For perspective on the problem, we rounded up a panel of experts to answer 10 questions — kicking off a new, occasional N-G series breaking down important issues making news.
Are enough of the right powerful Americans aware of the severity of the threat and treating it as such?
Says Cyberscout chairman and Credit.com co-founder ADAM LEVIN, author of 'Swiped: How To Protect Yourself In A World Full of Scammers, Phishers, And Identity Thieves': “You’d have to be living under a bottle cap on the bottom of loon lake to miss the enormity of the problem we all face. There is no longer an excuse among those in power. The threat is constant and pervasive.
“That said, former President Trump’s Twitter account was breached because of poor cyber hygiene. Bottom line: Most of us know there is a problem, but everyone has yet to on-board a defensive, best-practice, solution-oriented outlook.

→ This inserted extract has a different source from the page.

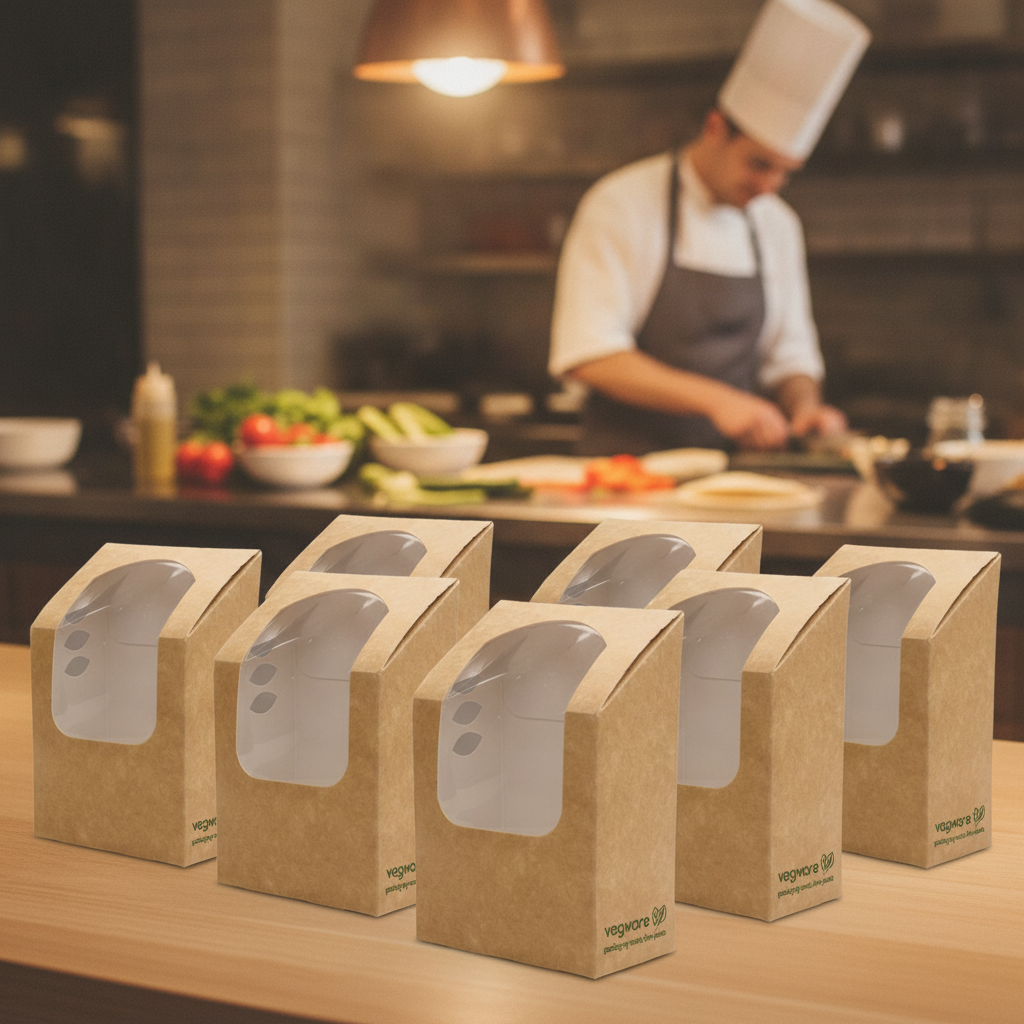 Kraft Paper Tortilla Wrap Boxes with PLA Window for Takeaway Food (Pack of 500)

"The establishment of CISA and President Biden's head-on approach with Vladimir Putin about recent ransomware attacks suggest a change in attitude. More recently, the Department of Justice acknowledged aggressive disruption campaigns against threat actors. We have to assume all the letter agencies are actively engaged in this invisible war on cyber crime."
Says Reuters investigative reporter JOSEPH MENN, author of 'Cult of the Dead Cow: How the Original Hacking Supergroup Might Just Save the World': “Yes, finally, we are getting close to a critical mass of important people in Washington grasping how serious the cybersecurity problem is. That is a huge improvement from where we were 10 years ago, when I wrote a book largely aimed at raising that kind of awareness.
"It is beyond unfortunate that it took crippling attacks on hospitals during a pandemic and one on a major pipeline for us to get there. You can’t fix a problem, as the alcoholics say, until you acknowledge you have one.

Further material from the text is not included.